What is the use case for a project instead of a tenant?


#1

From a quick glance at the code they appear to be the same except a project can not have child tenants or projects.

Is this strictly to allow there to be administrator level users on a project that can not create sub-projects or is there more to it (or coming)?


#2

@gmccullough can you review this question from @ewannema and forward to a SME if necessary.


#3

As I recall the purpose was to support a tenant that cannot be sub-divided. @gtanzillo or @bascar Should be able to verify and provide details on any future functionality.


#4

Thanks for the reply Greg.

I appreciate the what is happening clarification. I am looking more for a better understanding of the feature to get to a point of understanding why I may want to pick one or the other.

I searched the Github issues trying to find documentation on this feature implementation and design, but I came up empty. Should I be looking somewhere else?

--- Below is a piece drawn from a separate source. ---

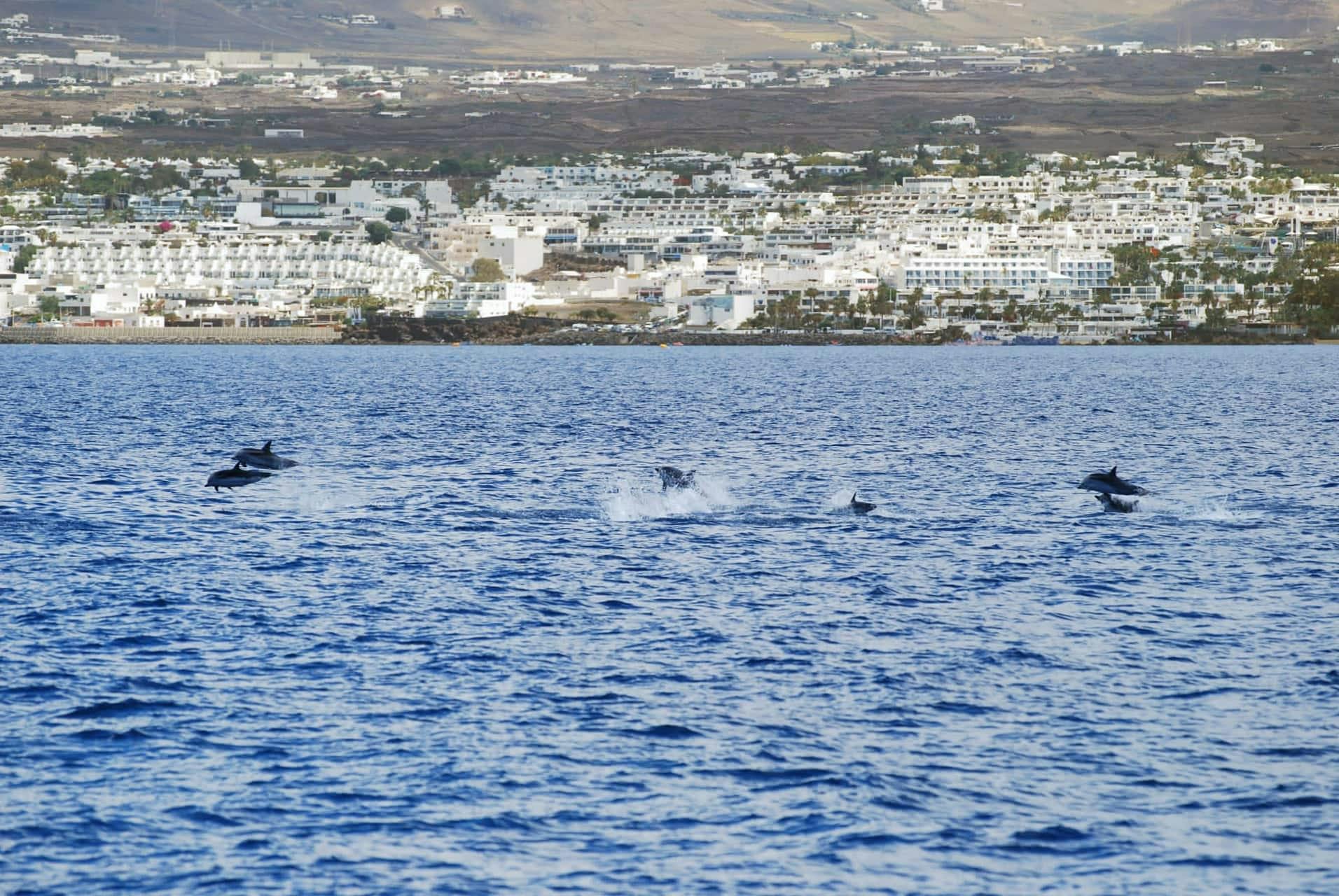 Lanzarote Dolphin and Whale Watching Four-hour Boat Trip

The more I understand why a feature exists and what its intended purpose is, the better decisions I can make on how to architect our implementations. This is incredibly helpful to ensure that I don’t get too creative and implement something in a way that differs from what the ManageIQ team intends.

I know from a prior conversation with @bascar that the way we tried to solve one particular problem in MIQ 5.3 with provisioning scope tags went against what was known internally to the MIQ team to be best practice. I am trying to avoid that as we re-implement for 4.1.


#5

Greg had it correct. The only difference between a project instead of the tenant is that a project cannot be then again split into further sub-tenancy. It is the leaf in the tree.


#6

@bascar Are there any user stories or use cases documented around this feature that we would be able to look at? It seems like @ewannema was unable to find anything.

Thanks,
Matt


#7

I think the use case is partly explained by @gmccullough and @bascar: delegation.

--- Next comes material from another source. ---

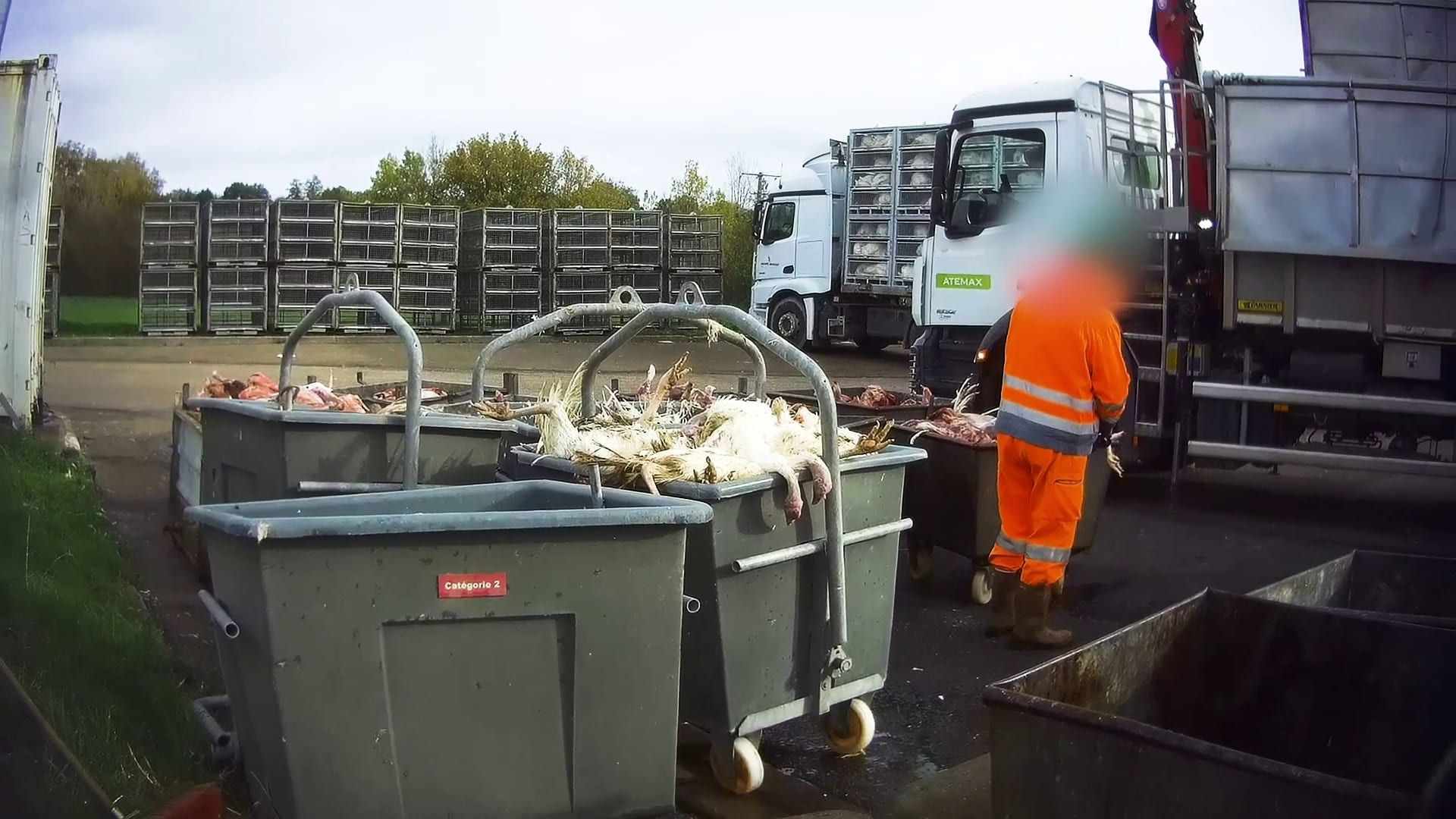 Poubelles à l'abattoir de Blancafort, 2020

You may want to create a sub-tenant and then delegate this sub-tenant organizational management to a group of administrators. They are then able to sub-divide the sub-tenant with sub-tenants (node) or projects (leaf), again maybe allowing groups to manage them.

When you create a project (leaf), you can delegate management while forbidding further subdivision.

Maybe we lack privileges and roles to achieve such a use case. I have not checked whether we can implement it.


#8

@hyclak, @ewannema the thread has really captured off the only real difference in a project and a standard tenant. The “project” tenant type simply has a bit set that it is itself not able to be subdivided and the user story is: As a tenant administrator I should be able to create a sub-tenant that cannot be further sub-divided. That tenant should be of a type called “project”.


#9

Ok, I guess we were thinking there might be something indicating when it made sense to use something like this. In this case, it may be more cut and dried. Is there someplace where these use cases are discussed/documented such that when working on solving a problem, the technical aspects of how to achieve a solution to that problem are clearer? Maybe something Chris Wawak’s team could help out with.


#10

@fdupont Thanks for your response. No future reply needed, but here are the thoughts that lead to my original post.

It seems like this could be accomplished by having the sub-tenant administrator group assigned a role without the ability to create tenants vs. a permanent declaration that “this thing is special in this one way”. I would normally approach something that seems like access control via groups and roles.

As a user, it can be frustrating to figure out how to correctly use the product. Access control in particular seems to be fraught with many options and special cases where things work differently. It feels more like walking around in the dark and hoping not to fall off a cliff than a path that will get us from A-B with options to explore if we care to.